I recall another complication with websockets: IIRC it's with proxy load balancers, like binding a connection to a single connection server, even if the backend connection is using HTTP/2. I probably have the details wrong. I'm sure someone will correct my statement.
I think there is a way to do it, but it likely involves custom headers on the initial connection that the load balancer can read to route to the correct origin server.
I imagine the way it might go is that the client would first send an HTTP request to an endpoint that returns routing instructions, and then use that in the custom headers it sends when initiating the WebSocket connection.
I think it's more that WebSockets are held open for a long time, so if you're not careful, you can get "hot" backends with a lot of connections that you can't shift to a different instance.
It can also be harder to rotate backends since you know you are disrupting a large number of active clients.
The trick to doing this efficiently is to arrange for the live session state to be available (through replication or some data bus) at the alternative back end before cut over.

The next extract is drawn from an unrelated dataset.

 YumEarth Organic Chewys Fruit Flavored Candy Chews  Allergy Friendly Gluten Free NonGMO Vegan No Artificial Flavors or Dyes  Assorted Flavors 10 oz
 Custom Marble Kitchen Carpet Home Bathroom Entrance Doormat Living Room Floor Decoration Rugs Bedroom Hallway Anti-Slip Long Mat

Another option is to have the client automatically reconnect. That way your backend can just drop the connection when it needs to, and the load balancing infra will make sure the reconnection ends up on a different server.
Of course you do want to make sure the client has exponential backoff and jitter when reconnecting, as to avoid thundering herd problems.
The relevant state will need to be available to all servers as well. Anything that's only known to the original server will be lost as it drops connections. On a modern deployment with a database and probably redis available this isn't too big of an ask.
Horizontal scaling is certainly a challenge. With traditional load balancers, you don't control which instance your clients get routed to, so you end up needing to use message brokers or stateful routing to ensure message broadcasts work correctly with multiple websocket server instances.